Aim of the exercise: Only certain lines below are wanted: those starting at the line containing "エルメス HERMES モザイク ヴァンキャトル プラチナ スープ鍋 32.5cm" and ending at the line containing "new to the crew", both included, each retyped exactly.

========================

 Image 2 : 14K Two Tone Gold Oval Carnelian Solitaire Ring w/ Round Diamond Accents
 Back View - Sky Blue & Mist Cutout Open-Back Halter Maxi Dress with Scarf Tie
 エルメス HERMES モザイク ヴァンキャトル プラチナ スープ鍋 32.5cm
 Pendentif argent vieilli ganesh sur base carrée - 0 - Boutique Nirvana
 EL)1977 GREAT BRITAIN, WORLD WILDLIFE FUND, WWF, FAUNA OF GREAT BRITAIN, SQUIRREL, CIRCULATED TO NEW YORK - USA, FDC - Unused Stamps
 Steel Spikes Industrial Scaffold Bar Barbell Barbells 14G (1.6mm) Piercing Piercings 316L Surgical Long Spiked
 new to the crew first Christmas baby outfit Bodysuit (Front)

========================

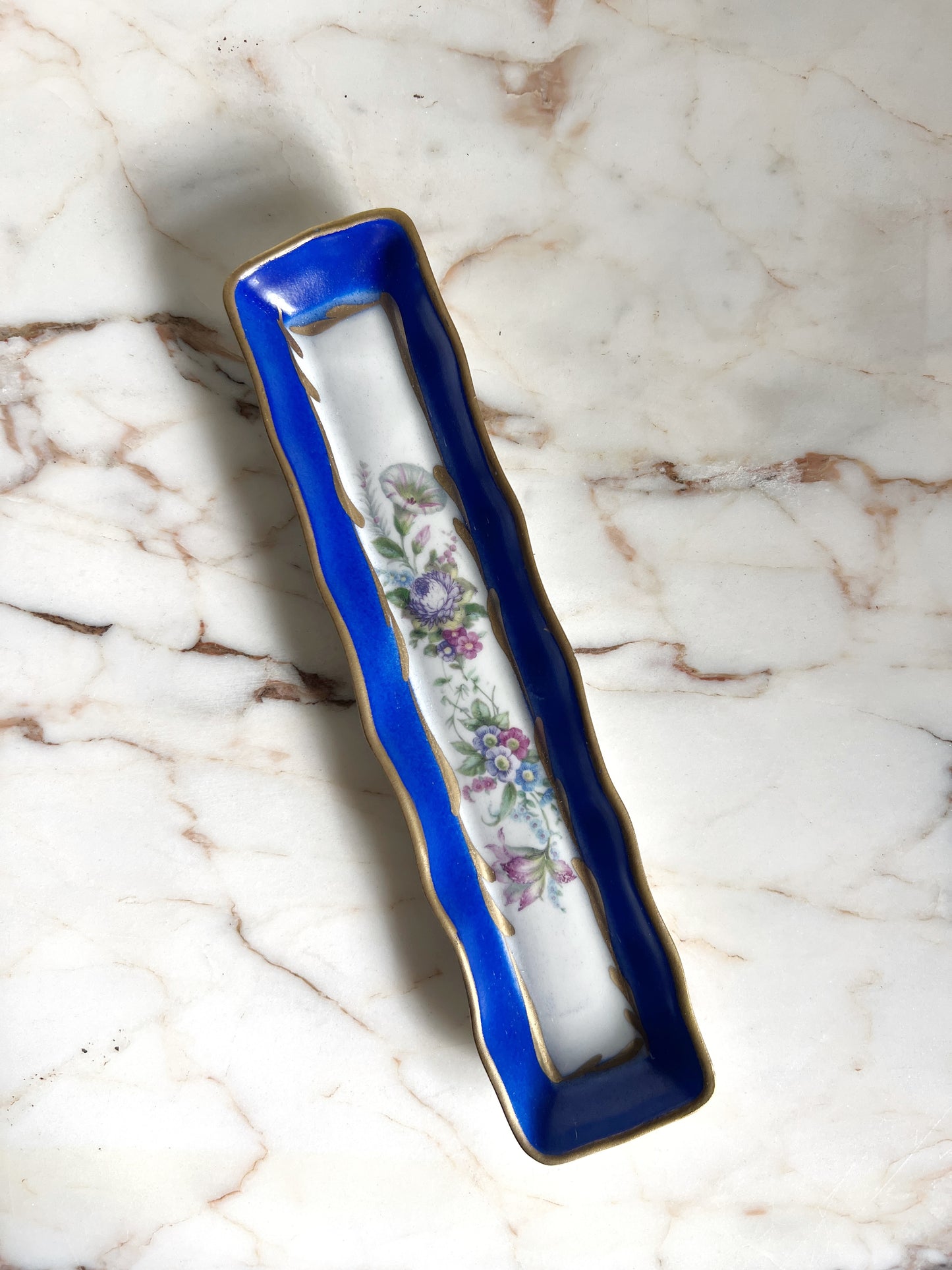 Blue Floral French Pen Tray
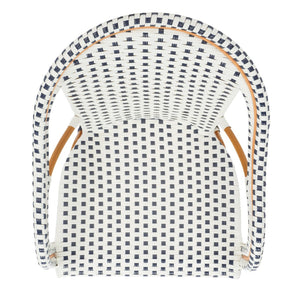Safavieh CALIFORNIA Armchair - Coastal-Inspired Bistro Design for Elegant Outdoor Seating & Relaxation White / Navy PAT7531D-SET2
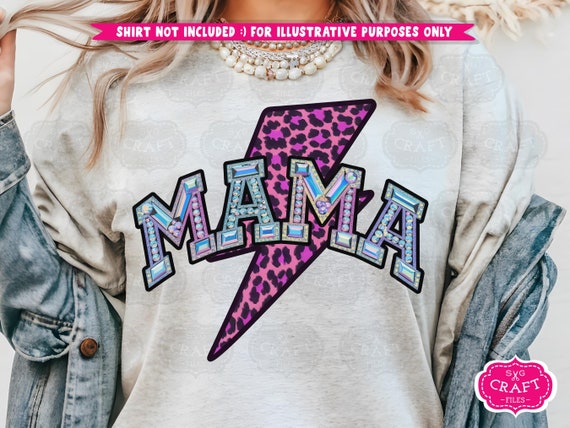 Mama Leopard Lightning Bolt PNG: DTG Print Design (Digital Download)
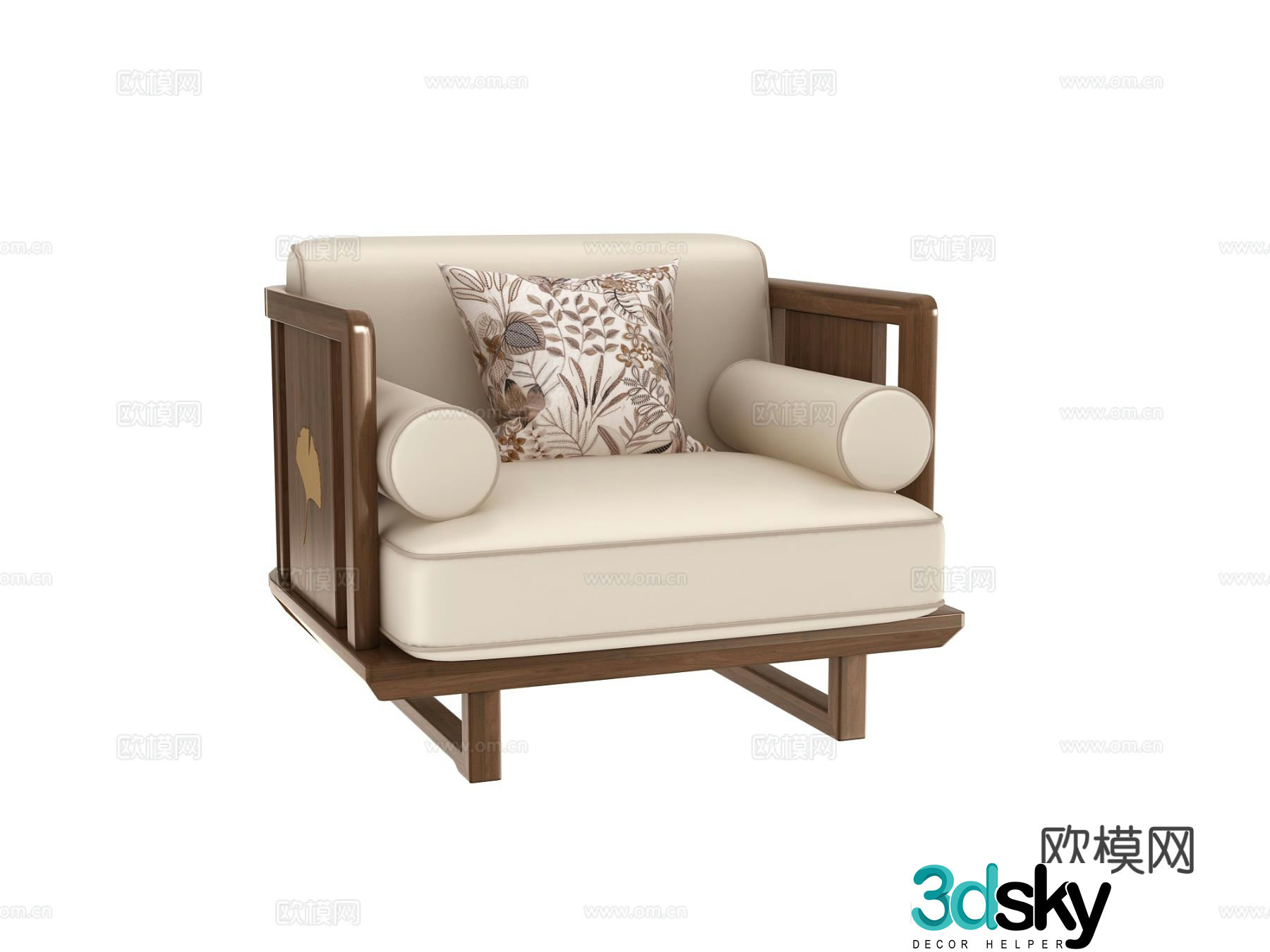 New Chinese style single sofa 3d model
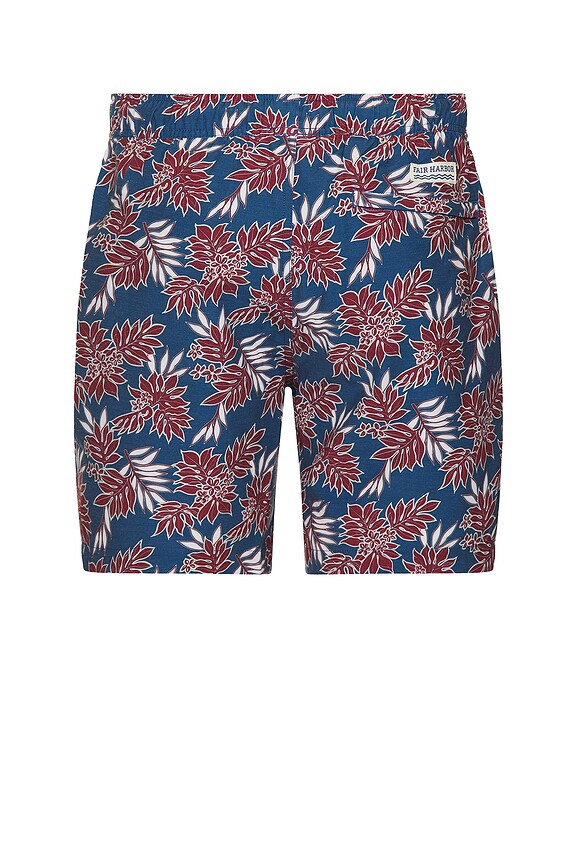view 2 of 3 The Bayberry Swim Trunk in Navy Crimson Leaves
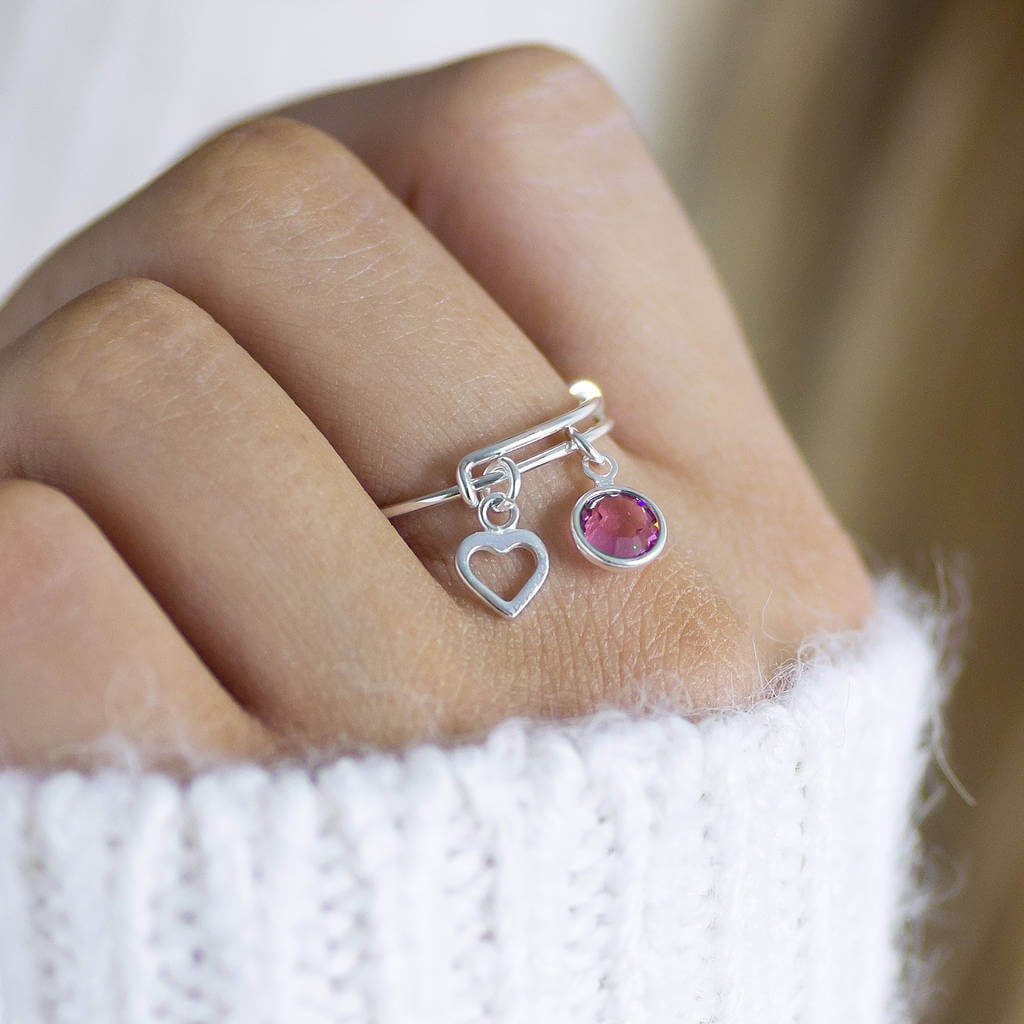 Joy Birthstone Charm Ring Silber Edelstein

========================

Expected answer:
 エルメス HERMES モザイク ヴァンキャトル プラチナ スープ鍋 32.5cm
 Pendentif argent vieilli ganesh sur base carrée - 0 - Boutique Nirvana
 EL)1977 GREAT BRITAIN, WORLD WILDLIFE FUND, WWF, FAUNA OF GREAT BRITAIN, SQUIRREL, CIRCULATED TO NEW YORK - USA, FDC - Unused Stamps
 Steel Spikes Industrial Scaffold Bar Barbell Barbells 14G (1.6mm) Piercing Piercings 316L Surgical Long Spiked
 new to the crew first Christmas baby outfit Bodysuit (Front)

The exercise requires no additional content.